バックデートの意味とは? 契約締結日になる5分類も解説

バックデートの意味とは? 契約締結日になる5分類も解説

バックデートの意味や契約締結日はどの時点にあたるのか、契約の締結において注意すべきポイントをまとめました。

 

また契約締結日となる5つの分類についてもそれぞれ詳しく解説しています。

 

 

 

契約の成立と契約の締結は違う

(1)契約の成立

契約とは複数当事者の意思表示が合致することにより成立する法律行為を指します。売買、贈与、賃貸借、請負、委任、和解などがその例として挙げられます。

 

一方の意思表示を申込み、他方の意思表示を承諾といい、両者の合致により、契約が「成立」することになります。

 

ここで注意すべき点は、原則として、書面の作成や書面への押印は契約に必要な要件とはされていないという点です。

 

例外として、法令に特別の定めがある場合には、書面の作成その他の方式を備えなければなりません。例えば、建設業法上の工事請負契約では、契約の締結に際して、書面の記載や署名・記名押印が必要となります。



民法

(契約の締結及び内容の自由)

第五百二十一条 何人も、法令に特別の定めがある場合を除き、契約をするかどうかを自由に決定することができる。

2 契約の当事者は、法令の制限内において、契約の内容を自由に決定することができる。


(契約の成立と方式)

第五百二十二条 契約は、契約の内容を示してその締結を申し入れる意思表示(以下「申込み」という。)に対して相手方が承諾をしたときに成立する。

2 契約の成立には、法令に特別の定めがある場合を除き、書面の作成その他の方式を具備することを要しない



建設業法

(建設工事の請負契約の内容)

第十九条 建設工事の請負契約の当事者は、前条の趣旨に従つて、契約の締結に際して次に掲げる事項を書面に記載し、署名又は記名押印をして相互に交付しなければならない。

2 請負契約の当事者は、請負契約の内容で前項に掲げる事項に該当するものを変更するときは、その変更の内容を書面に記載し、署名又は記名押印をして相互に交付しなければならない。

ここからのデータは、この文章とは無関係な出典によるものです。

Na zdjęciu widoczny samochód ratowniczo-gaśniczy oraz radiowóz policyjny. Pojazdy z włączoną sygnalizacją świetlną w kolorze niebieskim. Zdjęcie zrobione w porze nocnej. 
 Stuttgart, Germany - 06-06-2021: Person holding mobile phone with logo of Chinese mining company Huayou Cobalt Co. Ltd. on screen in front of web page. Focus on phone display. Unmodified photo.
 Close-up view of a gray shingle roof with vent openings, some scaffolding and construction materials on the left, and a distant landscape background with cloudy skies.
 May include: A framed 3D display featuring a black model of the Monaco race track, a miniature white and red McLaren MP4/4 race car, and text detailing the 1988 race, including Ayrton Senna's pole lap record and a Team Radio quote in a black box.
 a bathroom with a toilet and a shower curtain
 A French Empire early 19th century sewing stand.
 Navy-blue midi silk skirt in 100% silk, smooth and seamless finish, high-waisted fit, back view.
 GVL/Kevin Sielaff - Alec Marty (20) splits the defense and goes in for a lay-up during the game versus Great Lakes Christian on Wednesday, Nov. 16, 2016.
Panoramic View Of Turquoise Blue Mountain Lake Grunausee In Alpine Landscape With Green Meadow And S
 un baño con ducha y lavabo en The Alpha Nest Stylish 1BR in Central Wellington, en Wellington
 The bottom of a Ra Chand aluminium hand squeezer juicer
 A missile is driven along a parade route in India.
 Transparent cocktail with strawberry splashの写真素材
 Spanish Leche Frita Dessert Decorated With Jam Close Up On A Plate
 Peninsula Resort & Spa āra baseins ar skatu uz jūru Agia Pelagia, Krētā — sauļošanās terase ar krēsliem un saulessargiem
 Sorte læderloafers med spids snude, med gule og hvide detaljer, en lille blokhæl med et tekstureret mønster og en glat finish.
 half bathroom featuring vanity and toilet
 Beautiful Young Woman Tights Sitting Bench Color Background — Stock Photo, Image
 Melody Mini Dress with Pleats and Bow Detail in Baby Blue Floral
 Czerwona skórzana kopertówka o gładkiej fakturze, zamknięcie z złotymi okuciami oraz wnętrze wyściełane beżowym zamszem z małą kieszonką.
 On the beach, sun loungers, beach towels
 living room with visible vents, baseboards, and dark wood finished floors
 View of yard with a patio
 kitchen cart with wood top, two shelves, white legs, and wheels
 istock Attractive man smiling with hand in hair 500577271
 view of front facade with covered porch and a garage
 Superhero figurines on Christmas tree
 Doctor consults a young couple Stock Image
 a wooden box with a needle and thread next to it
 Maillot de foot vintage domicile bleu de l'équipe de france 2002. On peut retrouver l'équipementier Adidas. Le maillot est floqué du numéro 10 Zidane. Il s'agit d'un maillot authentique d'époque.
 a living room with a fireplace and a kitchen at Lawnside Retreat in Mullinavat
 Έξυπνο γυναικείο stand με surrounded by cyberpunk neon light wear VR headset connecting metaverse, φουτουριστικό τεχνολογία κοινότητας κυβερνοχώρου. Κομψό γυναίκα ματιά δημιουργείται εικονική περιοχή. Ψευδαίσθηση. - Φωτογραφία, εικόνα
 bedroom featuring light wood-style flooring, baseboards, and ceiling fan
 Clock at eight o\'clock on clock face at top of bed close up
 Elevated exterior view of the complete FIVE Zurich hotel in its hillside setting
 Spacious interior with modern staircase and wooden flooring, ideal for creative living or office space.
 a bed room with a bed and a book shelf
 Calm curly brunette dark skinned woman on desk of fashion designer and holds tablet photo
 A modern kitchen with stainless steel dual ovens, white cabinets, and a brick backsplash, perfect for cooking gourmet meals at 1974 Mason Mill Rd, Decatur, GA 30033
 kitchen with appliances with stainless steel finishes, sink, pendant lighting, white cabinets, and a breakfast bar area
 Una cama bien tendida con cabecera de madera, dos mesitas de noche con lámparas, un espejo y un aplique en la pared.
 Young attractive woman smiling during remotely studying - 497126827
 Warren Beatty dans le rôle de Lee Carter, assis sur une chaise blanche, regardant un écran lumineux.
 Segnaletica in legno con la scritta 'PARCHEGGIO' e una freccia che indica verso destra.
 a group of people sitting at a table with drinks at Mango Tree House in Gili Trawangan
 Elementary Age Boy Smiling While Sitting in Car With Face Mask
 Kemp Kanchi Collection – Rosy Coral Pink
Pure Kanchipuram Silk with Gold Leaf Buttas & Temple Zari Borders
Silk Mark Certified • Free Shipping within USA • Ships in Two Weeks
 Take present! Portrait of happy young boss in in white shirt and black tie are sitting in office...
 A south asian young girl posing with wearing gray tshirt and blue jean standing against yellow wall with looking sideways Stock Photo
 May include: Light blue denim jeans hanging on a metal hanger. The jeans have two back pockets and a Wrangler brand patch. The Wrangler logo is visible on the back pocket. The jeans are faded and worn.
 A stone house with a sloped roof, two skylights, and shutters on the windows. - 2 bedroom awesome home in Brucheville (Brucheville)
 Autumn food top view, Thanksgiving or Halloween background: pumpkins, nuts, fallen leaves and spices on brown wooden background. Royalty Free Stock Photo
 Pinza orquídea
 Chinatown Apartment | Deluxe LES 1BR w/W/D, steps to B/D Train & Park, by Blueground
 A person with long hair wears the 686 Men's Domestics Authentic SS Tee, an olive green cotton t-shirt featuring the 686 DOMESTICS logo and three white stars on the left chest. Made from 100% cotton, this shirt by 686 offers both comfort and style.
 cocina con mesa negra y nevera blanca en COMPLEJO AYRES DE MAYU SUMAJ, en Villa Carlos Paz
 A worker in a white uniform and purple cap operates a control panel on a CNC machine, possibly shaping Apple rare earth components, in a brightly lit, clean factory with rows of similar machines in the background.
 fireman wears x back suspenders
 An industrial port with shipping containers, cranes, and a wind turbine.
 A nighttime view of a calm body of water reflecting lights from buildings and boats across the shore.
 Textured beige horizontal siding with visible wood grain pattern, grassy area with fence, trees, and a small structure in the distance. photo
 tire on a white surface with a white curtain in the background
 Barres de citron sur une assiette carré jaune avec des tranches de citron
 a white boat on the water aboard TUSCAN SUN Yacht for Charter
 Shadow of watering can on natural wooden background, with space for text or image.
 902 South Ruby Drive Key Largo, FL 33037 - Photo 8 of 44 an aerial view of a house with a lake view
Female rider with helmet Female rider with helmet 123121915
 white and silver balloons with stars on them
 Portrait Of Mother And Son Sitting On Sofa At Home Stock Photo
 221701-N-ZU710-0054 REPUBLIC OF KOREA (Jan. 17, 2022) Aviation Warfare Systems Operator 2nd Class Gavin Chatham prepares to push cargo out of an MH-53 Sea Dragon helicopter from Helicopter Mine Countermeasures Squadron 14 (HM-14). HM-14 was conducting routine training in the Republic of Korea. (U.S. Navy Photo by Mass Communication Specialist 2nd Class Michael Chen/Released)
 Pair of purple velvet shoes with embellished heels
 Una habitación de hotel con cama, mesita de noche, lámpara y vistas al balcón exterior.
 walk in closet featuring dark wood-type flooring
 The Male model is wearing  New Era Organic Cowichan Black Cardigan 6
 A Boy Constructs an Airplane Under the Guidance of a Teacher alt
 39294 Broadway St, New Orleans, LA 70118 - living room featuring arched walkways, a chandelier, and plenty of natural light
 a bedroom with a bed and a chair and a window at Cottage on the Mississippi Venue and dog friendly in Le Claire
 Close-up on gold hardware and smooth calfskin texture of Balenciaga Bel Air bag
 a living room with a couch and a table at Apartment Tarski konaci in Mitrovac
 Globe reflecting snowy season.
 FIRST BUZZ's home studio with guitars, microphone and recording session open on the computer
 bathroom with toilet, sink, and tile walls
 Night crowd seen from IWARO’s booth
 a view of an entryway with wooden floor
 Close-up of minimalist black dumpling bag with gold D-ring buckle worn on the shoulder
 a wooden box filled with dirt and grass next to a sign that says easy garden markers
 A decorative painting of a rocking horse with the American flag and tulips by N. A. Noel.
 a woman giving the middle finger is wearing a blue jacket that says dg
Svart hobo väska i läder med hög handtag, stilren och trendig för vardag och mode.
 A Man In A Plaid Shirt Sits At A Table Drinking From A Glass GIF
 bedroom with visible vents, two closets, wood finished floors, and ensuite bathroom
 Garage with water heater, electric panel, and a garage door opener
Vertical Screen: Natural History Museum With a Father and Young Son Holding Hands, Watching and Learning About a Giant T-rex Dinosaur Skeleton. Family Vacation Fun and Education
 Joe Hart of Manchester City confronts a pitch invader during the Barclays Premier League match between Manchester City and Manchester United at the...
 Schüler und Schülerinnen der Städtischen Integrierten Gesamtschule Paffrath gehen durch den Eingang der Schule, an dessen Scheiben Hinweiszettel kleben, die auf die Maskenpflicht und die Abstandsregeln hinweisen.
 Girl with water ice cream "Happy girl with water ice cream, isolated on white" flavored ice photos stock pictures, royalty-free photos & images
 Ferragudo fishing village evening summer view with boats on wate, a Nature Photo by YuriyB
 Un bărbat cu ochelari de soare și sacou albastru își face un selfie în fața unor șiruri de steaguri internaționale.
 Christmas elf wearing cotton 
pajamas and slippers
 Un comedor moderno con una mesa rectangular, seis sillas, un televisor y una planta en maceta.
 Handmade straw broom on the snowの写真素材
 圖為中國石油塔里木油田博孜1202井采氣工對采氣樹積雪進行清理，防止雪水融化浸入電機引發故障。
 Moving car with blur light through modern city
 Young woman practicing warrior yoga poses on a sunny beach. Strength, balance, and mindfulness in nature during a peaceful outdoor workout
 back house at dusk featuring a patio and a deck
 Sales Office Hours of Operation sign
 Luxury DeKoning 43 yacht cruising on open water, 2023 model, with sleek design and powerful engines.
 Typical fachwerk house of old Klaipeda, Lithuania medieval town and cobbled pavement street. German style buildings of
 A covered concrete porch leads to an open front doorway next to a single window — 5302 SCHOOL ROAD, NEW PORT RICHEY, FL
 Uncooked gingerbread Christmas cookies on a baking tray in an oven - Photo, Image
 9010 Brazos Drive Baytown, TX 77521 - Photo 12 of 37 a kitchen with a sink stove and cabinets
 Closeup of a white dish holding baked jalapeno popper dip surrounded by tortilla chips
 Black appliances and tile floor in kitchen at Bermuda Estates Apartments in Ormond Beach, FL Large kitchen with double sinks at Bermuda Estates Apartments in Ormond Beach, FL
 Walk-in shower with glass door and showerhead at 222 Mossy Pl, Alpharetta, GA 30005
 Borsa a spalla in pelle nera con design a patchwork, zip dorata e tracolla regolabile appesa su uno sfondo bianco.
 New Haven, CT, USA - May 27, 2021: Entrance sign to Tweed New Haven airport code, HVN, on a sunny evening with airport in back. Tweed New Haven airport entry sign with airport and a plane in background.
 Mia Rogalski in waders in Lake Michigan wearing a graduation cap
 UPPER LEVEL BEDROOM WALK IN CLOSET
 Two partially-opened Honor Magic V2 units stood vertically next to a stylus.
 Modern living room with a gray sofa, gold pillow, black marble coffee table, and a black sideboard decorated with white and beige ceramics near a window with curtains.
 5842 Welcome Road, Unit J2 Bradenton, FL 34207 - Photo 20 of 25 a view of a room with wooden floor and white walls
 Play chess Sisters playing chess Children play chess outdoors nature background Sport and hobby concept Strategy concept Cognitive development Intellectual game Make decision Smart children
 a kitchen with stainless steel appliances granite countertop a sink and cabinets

3 建設工事の請負契約の当事者は、前二項の規定による措置に代えて、政令で定めるところにより、当該契約の相手方の承諾を得て、電子情報処理組織を使用する方法その他の情報通信の技術を利用する方法であつて、当該各項の規定による措置に準ずるものとして国土交通省令で定めるものを講ずることができる。この場合において、当該国土交通省令で定める措置を講じた者は、当該各項の規定による措置を講じたものとみなす。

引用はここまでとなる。